EXERCISE GOAL: The records below are to be restated word for word, with every picture left out.
---
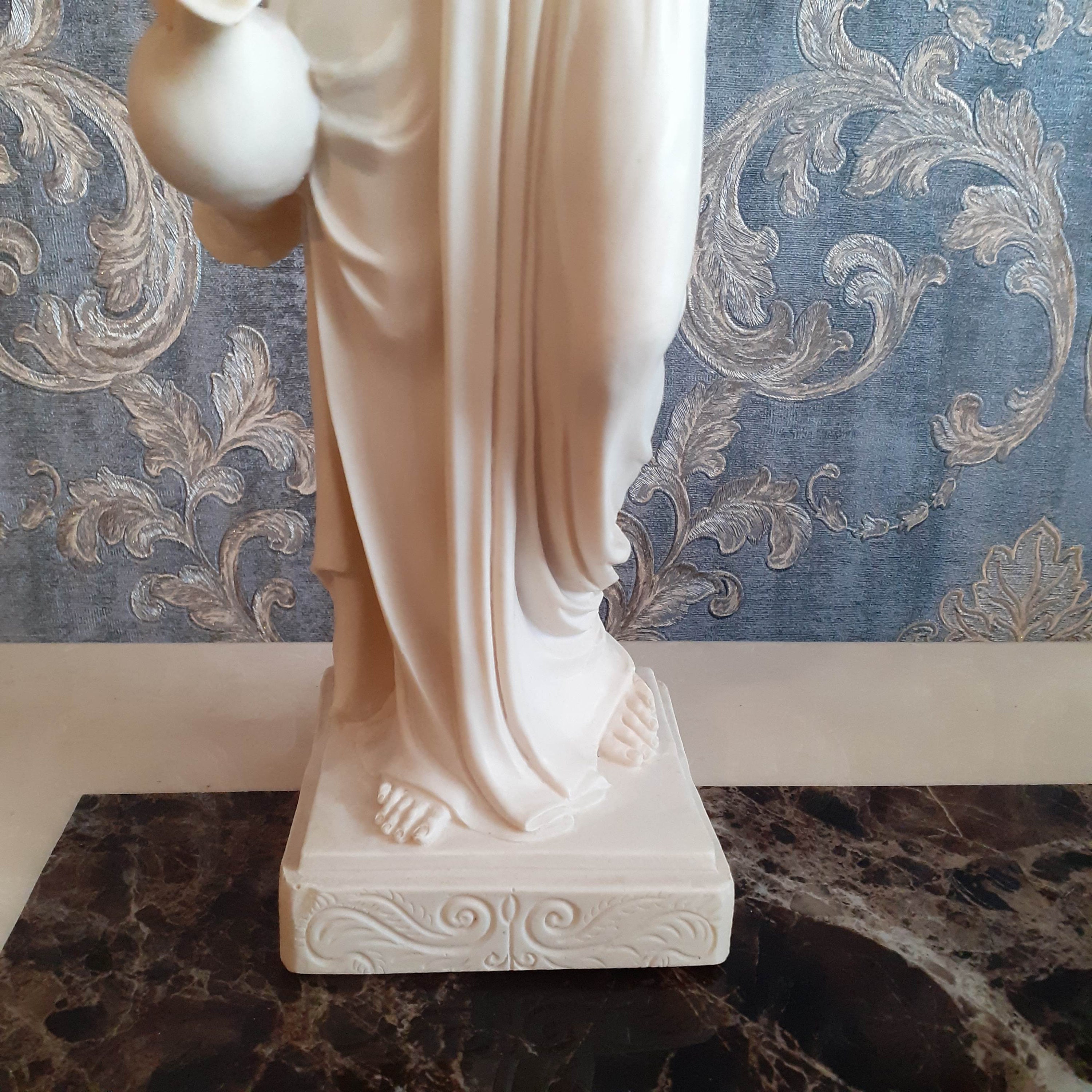 Alabaster Greek Lady Figurine Sculpture Lady Holding Jug and Etsy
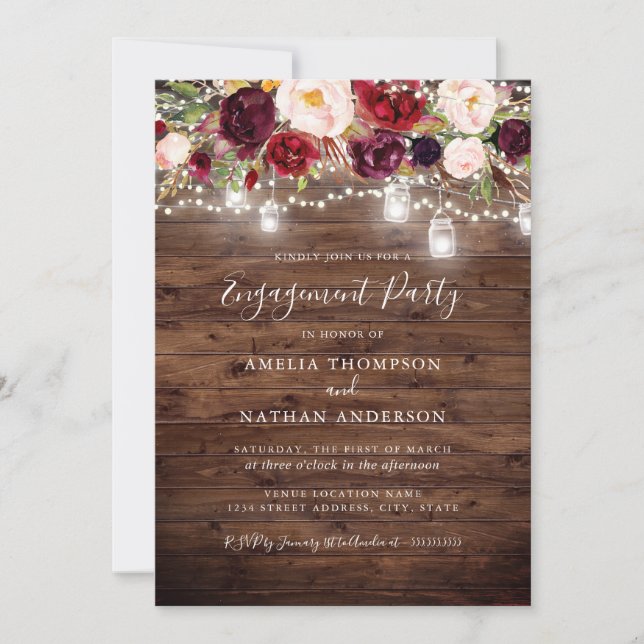 Rustikale Burgund-Floral-Lights-Engagement-Partei Einladung (Vorderseite)
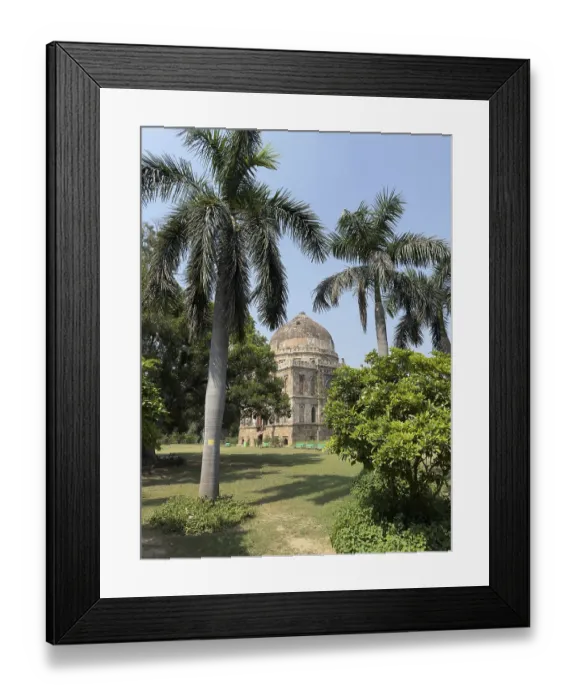 Framed Print : Ancient mausoleum surrounded by palms and trees under a clear sky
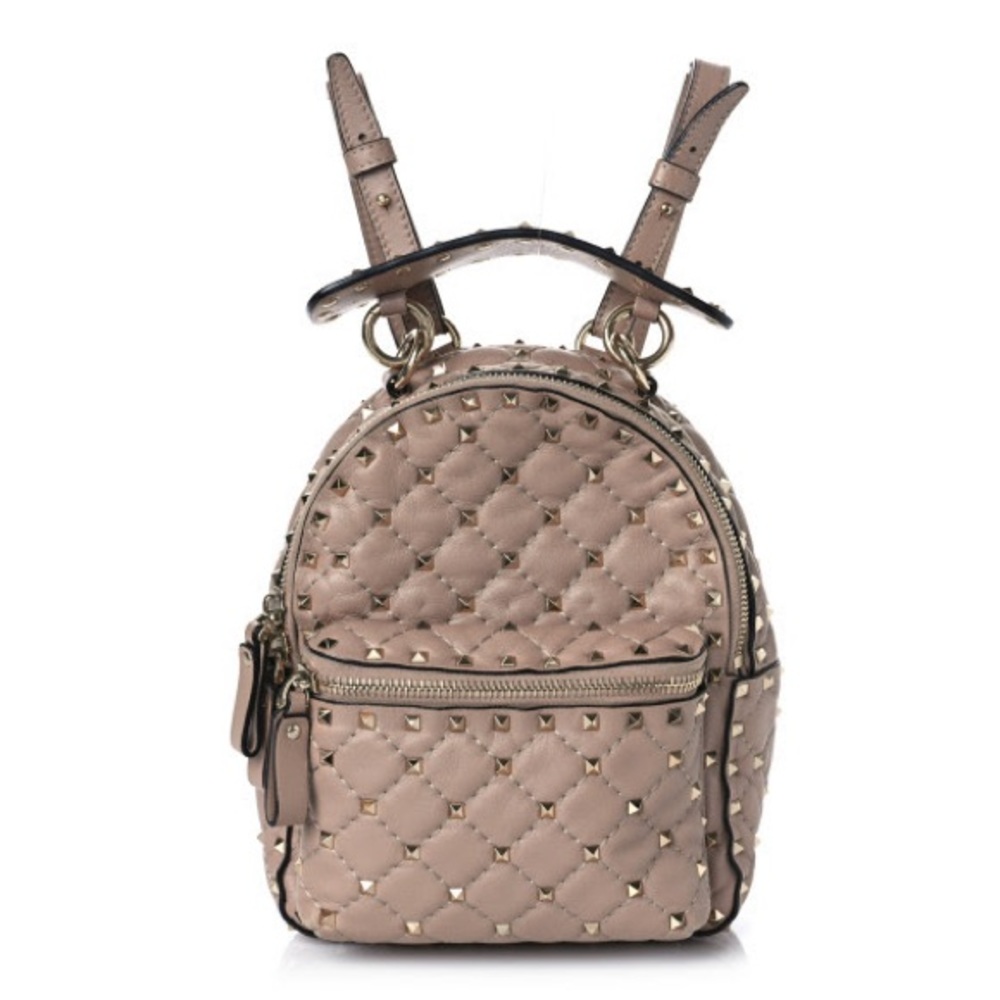 VALENTINO GARAVANI
Nappa Quilted Mini Rockstud Spike Backpack Poudre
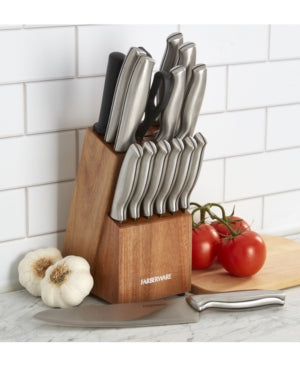 Farberware High-Carbon Stamped Stainless Steel Knife Block Set 15-Piece Acacia Wood - Thumbnail 3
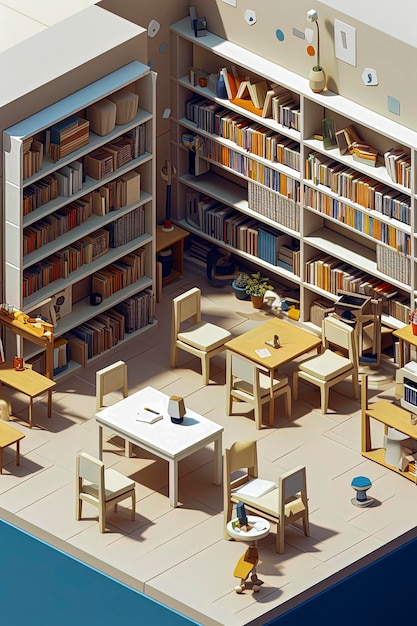 Illustrazione generativa con intelligenza artificiale di un'affascinante libreria con estetica Showa con sedie, tavoli e piante utilizzando un modello 3D isometrico Concetto scolastico Arte digitale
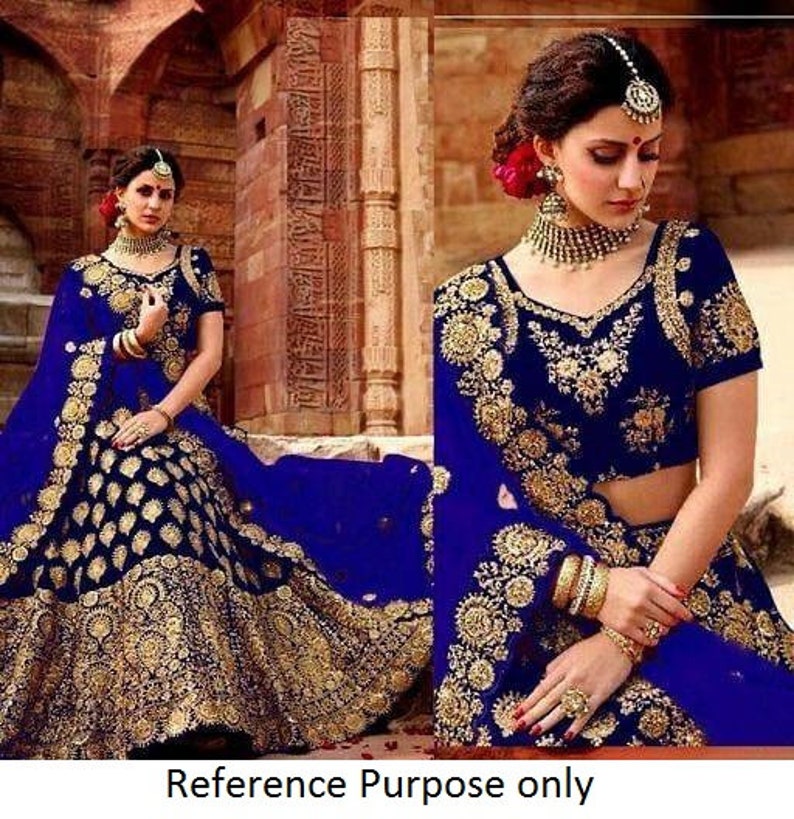 Blue lehenga for women,velvet lehenga choli with fancy embroidery zari work,new bridal wedding lehenga for reception,Indian wedding outfits image 6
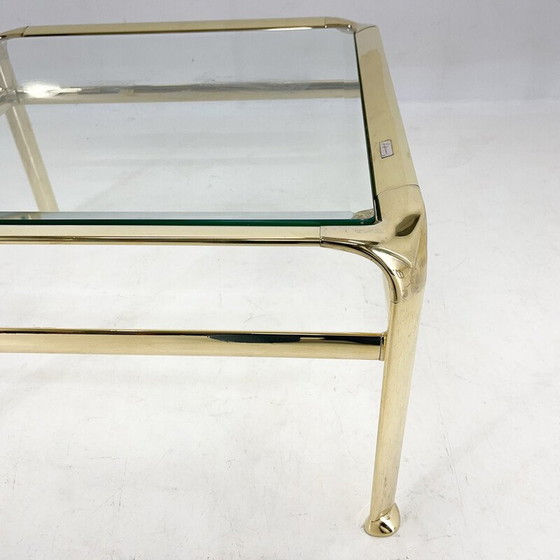 Image 1 of Table basse vintage en laiton et verre par Mauro Lipparini, Italie 1970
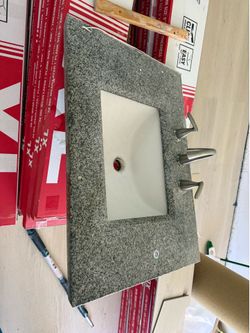 Bathroom vanity counter top and faucet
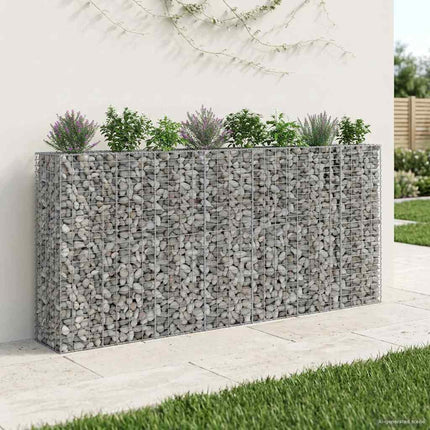 Gabion højbed 4 stk. 330 x 50 x 150 cm Galvaniseret stål Sølv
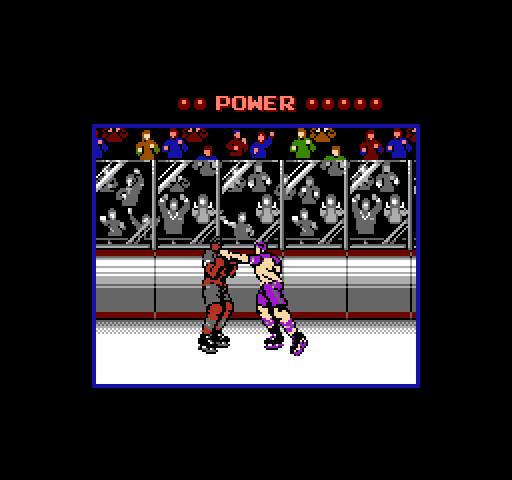 Blades of Steel NES / Famicom Screenshot: Ouch, the player on the left is losing...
---
TASK ANSWER:
 Alabaster Greek Lady Figurine Sculpture Lady Holding Jug and Etsy
 Rustikale Burgund-Floral-Lights-Engagement-Partei Einladung (Vorderseite)
 Framed Print : Ancient mausoleum surrounded by palms and trees under a clear sky
 VALENTINO GARAVANI
Nappa Quilted Mini Rockstud Spike Backpack Poudre
 Farberware High-Carbon Stamped Stainless Steel Knife Block Set 15-Piece Acacia Wood - Thumbnail 3
 Illustrazione generativa con intelligenza artificiale di un'affascinante libreria con estetica Showa con sedie, tavoli e piante utilizzando un modello 3D isometrico Concetto scolastico Arte digitale
 Blue lehenga for women,velvet lehenga choli with fancy embroidery zari work,new bridal wedding lehenga for reception,Indian wedding outfits image 6
 Image 1 of Table basse vintage en laiton et verre par Mauro Lipparini, Italie 1970
 Bathroom vanity counter top and faucet
 Gabion højbed 4 stk. 330 x 50 x 150 cm Galvaniseret stål Sølv
 Blades of Steel NES / Famicom Screenshot: Ouch, the player on the left is losing...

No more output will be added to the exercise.